In addition, as in our previous study, glaucoma progression was less in the laminar VD recovery group. When the IOP increases, the strain is mainly concentrated on the LC, and the capillaries between the crushed LC pores are compressed, resulting in VD reduction. If this progresses over a long period, extracellular matrix (ECM) remodeling of the LC occurs and VD recovery does not occur, even if the IOP decreases after glaucoma surgery. It can be determined indirectly through the recovery of the VD of the LC that remodeling has not progressed significantly. Therefore, the prognosis after glaucoma surgery is better in patients with less remodeling. Interestingly, the PPS VD significantly recovered even though in some eyes the laminar VD did not recover after glaucoma surgery. This suggests that ECM remodeling has not yet progressed in the case of PPS and is thought to be an indirect result showing that the structural change of the LC precedes that of the sclera in the progression of glaucoma. When the PPS VD recovered after surgery, the VF test showed worsening by 50%, which was different from the case of laminar VD recovery. First, it is highly likely that the deformation of the LC is already in progress when the PPS VD decreases; therefore, the damage to the axons passing through the LC continues even when IOP is normalized after glaucoma surgery. Second, the decrease in PPS VD indicates that the SPCAs were compressed, and there is a possibility that short-term ischemia was additionally applied to the LC during the period of elevated IOP, resulting in irreversible axonal damage. Therefore, despite the recovery of laminar VD in the case presented in Fig. 3, it is believed that glaucoma progressed rapidly.
In the multivariate analysis, PPS VD showed a significant correlation with laminar VD and significantly lower values with an increasing degree of myopia. This suggests that less deformation in the lamina corresponds to less deformation in the sclera, whereas more severe myopia results in increased strain on the peripapillary area due to high IOP. As the distance between the peripapillary arterial circle of Zinn-Haller, the primary arterial source for blood supply to the LC, and the optic disc border is significantly greater in highly myopic eyes27, ischemic damage to the LC due to lower PPS VD in myopia may be relevant to understanding why highly myopic eyes have increased susceptibility to glaucoma. A previous study indicated that in cases of high myopia, the improvement in the rate of VF deterioration after trabeculectomy is less significant than that in non-myopic cases28. Our previous research also observed that myopic eyes with large PPA tend to show greater central VF progression29. These results seem to be related to the PPS VD that we investigated in this study.

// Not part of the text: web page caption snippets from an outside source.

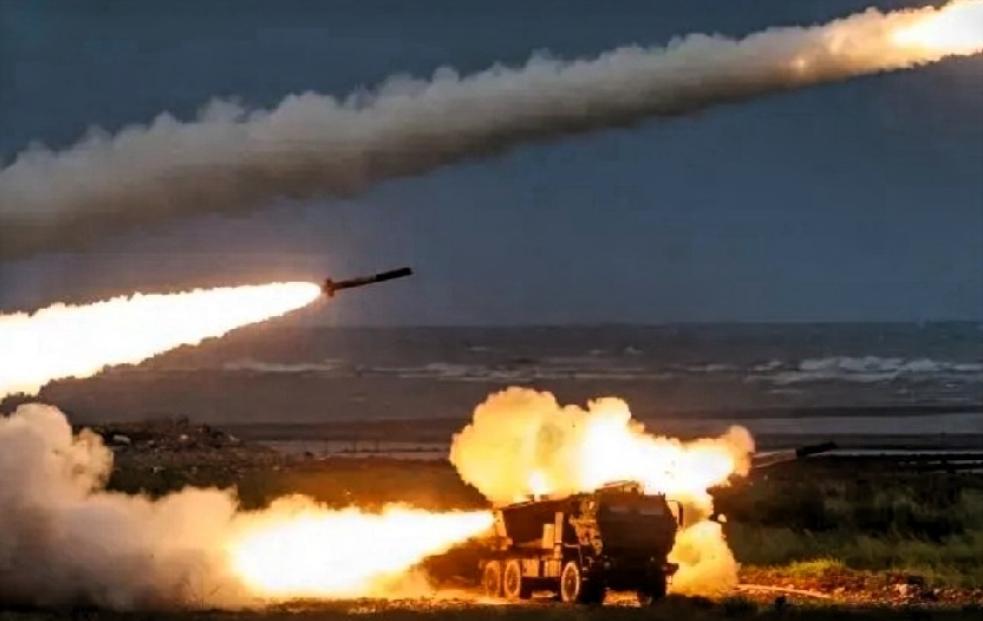台军首次向台海西方向试射海马斯。 6月10日上午，台军首次在台中大甲溪口西海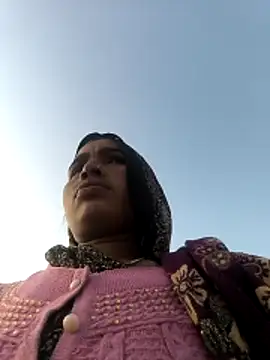 Snapshot of Hot_raaani chatting on 01-06-26, 11:14 Hot raaani online show from 01-06-26, 11:14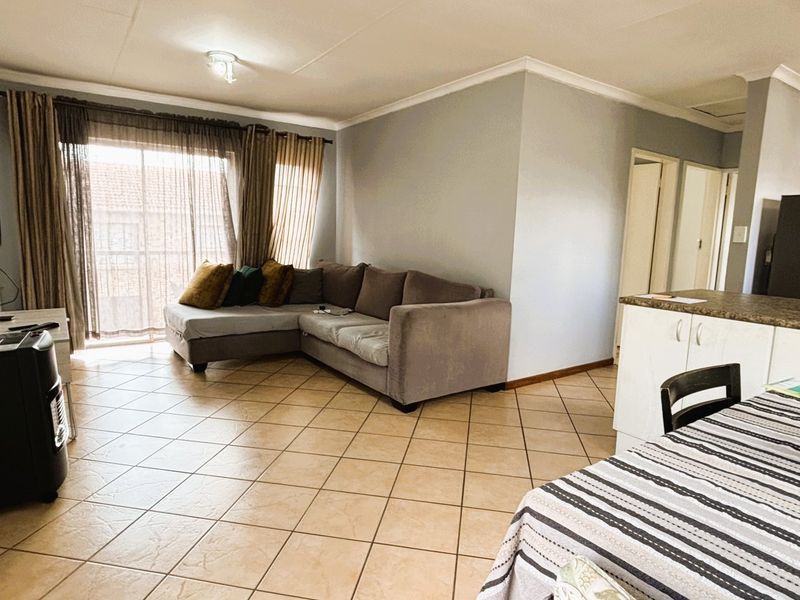 Immaculate 2 bed 1 bath apartment in Eco Park Estate - Photo 1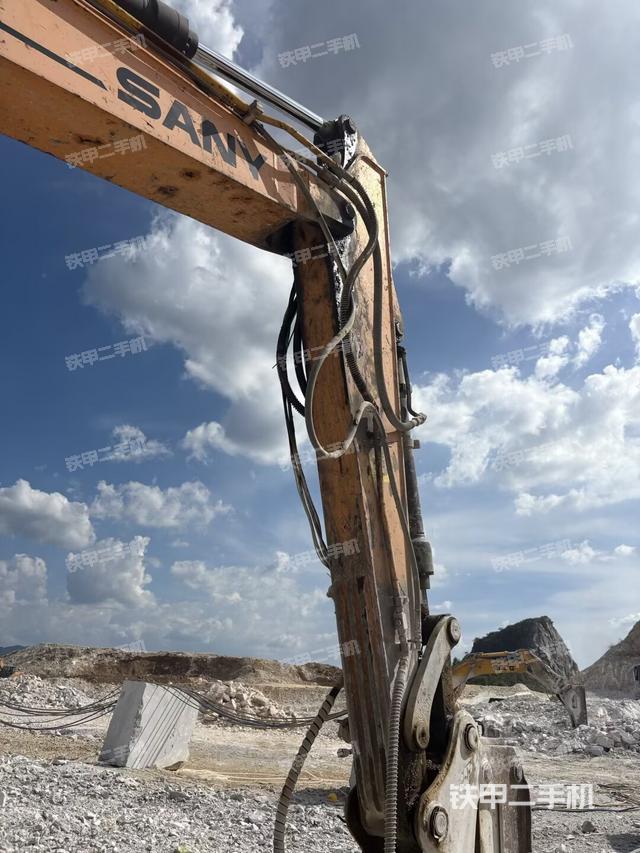 大臂整体 右侧（工作和回转装置）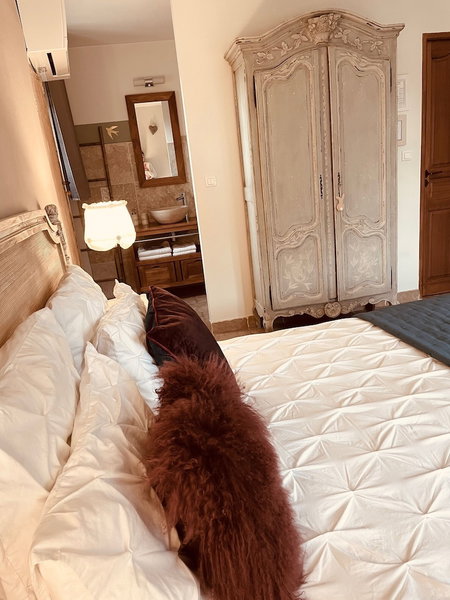 B&B Temps Suspendu Provence, Pernes-les-Fontaines, France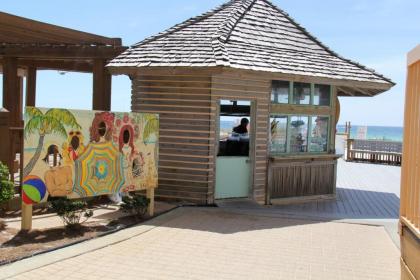 Pelican Beach Resort 308 by RealJoy Vacations - image 4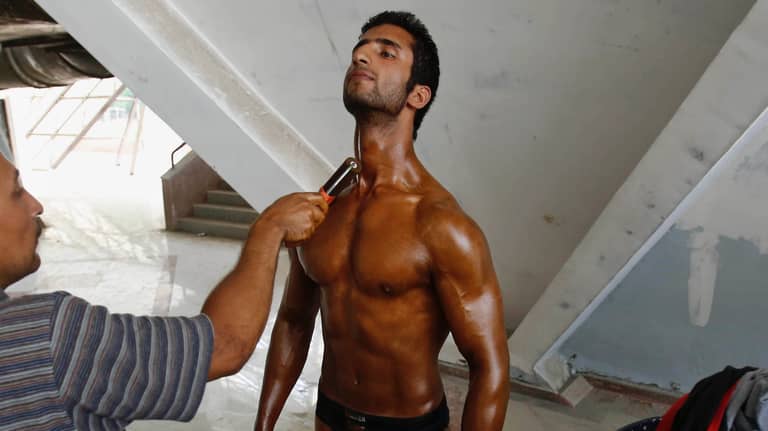 شاب بملامح كهل.. هل تسرق أجهزة الـ"Tanning" سنوات من جلدك؟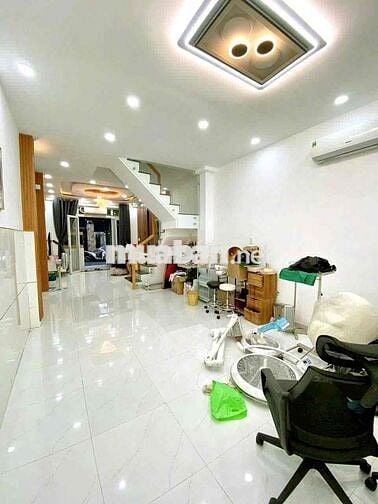 NHÀ GIÁ RẺ - 5PN3WC - HXH  ĐS 3 GÒ VẤP - FULL NỘI THẤT - CÓ SÂN THƯỢNG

Our study has several limitations. The follow-up period was six months, during which we assessed VD values only at one month post-surgery. This decision stemmed from our previous findings indicating no significant difference in VD measurements between one- and three-months’ post-surgery13. However, it is possible that some patients experienced delayed VD responses to IOP reduction, potentially affecting our results. In this study, we specifically aimed to examine the short-term impact of VD changes on retinal ganglion cell function after glaucoma surgery. Longer-term observation may be complicated by disease progression or other risk factors. Those patients who exhibited delayed VD responses after one month post-surgery were categorized into the progression group. This suggests that patients with no or delayed responses tended to experience VF progression after glaucoma surgery. While promising, OCT-A imaging has limitations, particularly in analyzing segmented layers, especially deeper ones, owing to vascular shadowing or projection artifacts. While our OCT-A segmentation approach reflects current clinical standards, we acknowledge that further refinements in image processing software and artifact suppression algorithms may allow for more detailed and reliable analysis in future studies. Additionally, VD measurements may not fully capture the anatomical vessels. In our study, we considered deep VD in the laminar area to reflect the capillaries at the LC level. However, we aimed to mitigate the limitations of OCT-A visualization by evaluating the VD changes in the same area for each patient.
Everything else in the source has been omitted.